[Written by Gill Kelleher, Policy and Engagement Manager at SPECIFIC]
David Attenborough’s poignant message at the opening ceremony of the United Nations sponsored climate talks, COP24 in December 2018, highlighted the need for us all to take action against the risks of climate change.
The naturalist was occupying the `people’s seat’ at the conference, acting as the link between the public and policy-makers. The most recent IPCC (Intergovernmental Panel on Climate Change) report indicated that global net human-caused emissions of carbon dioxide (CO2) need to fall by 45 percent from 2010 levels by 2030, reaching `net zero’ around 2050. Since buildings account for around 40% of global carbon emissions, the next 10-20 years demand rapid, far-reaching transitions in the way we heat and power our homes and neighbourhoods. (IPCC, carbon pathways). People, governments and cities are already taking steps to reduce their carbon impact. However, more needs to be done. For example, the California Building Standards Commission approved in December 2018 a new rule that all homes built in California after 2020 require the capacity to produce and process solar energy. Through this mandate, California will attempt to become the most highly populated area on earth that uses 100 percent renewable energy. In the UK, SPECIFIC Innovation and Knowledge Centre (Swansea University) and its partners are also using a range of full-scale building projects to demonstrate why homes and buildings are key to a decentralised energy future by creating `Active Buildings’ that can generate, store and release solar energy.

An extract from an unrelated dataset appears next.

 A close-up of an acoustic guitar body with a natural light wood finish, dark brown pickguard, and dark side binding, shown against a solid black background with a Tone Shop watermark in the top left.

What will energy provision look like in an ideal world?
An Active Building integrates solar generation and storage technologies for both electricity and heat within its construction and uses an intelligent system to optimise energy management and comfort for inhabitants. Active Homes using this design require no gas for heating, whilst being net generators of solar energy, with the potential to share or trade surplus with surrounding buildings, electric vehicles or the grid. This provides a different social economic proposition. Our future homes and neighbourhoods can be used to reduce peak energy demand, whilst meeting consumer energy needs and reducing pollution; connecting communities of homes together, sharing energy and charging electric vehicles, including e-bikes. Modelled Energy global pathways that feature low carbon energy generation, and demand, show that the technical feasibility of solar energy and electricity storage technologies have substantially improved over the past few years. Unlocking this potential is not just a technical challenge, we also need to overcome economic, institutional and socio-cultural barriers, and inspire change in public behaviours.
What should we be doing about it now to make the vision a reality?
Climate change impacts and responses are closely linked to sustainable development, which balances social well-being, economic prosperity and environmental protection. Therefore, we need to manage and plan the use of our land and communities more effectively over the long term, making best use of innovation and technological advances. House-building and community infrastructure projects should be designed to transition away from fossil fuel power generation, to protect future generations from climate change risks. Greater investment is needed to extend decarbonised energy solutions across regions, and this requires access to finance, policy levers such as building regulations, local planning reforms and new governance models. An independent study (Bankovskis 2017) modelled the benefits of this approach, calculating what would happen if the ‘Active Homes design’ used for a development in Neath, South Wales, were applied to a million homes. It revealed that the average saving per household could be as much as £600 (a cut of more than 60%), whilst also reducing carbon dioxide emissions by nearly 80 million tonnes over 40 years and peak central generation capacity by 3,000 megawatts Ð equivalent to a very large power station.
Delivering Active Buildings at scale requires significant electricity market reforms, and greater investment priority for the decarbonisation of heat. There is a great prospect for the UK government to seize this golden, once in a century opportunity to mandate all future energy scenarios to include Active Buildings at scale as a key enabler to reach carbon targets and transform markets. In doing so, enabling the best trade-offs for sustainable development to be realised; protecting jobs, become world leading in `Active Building’ technologies, alleviating fuel poverty. With UK government house-building targets currently at 300,000 homes per year, 10-20 years could be enough time for millions of homes and vehicles to transition away from fossil fuels to solar powered, Active Buildings.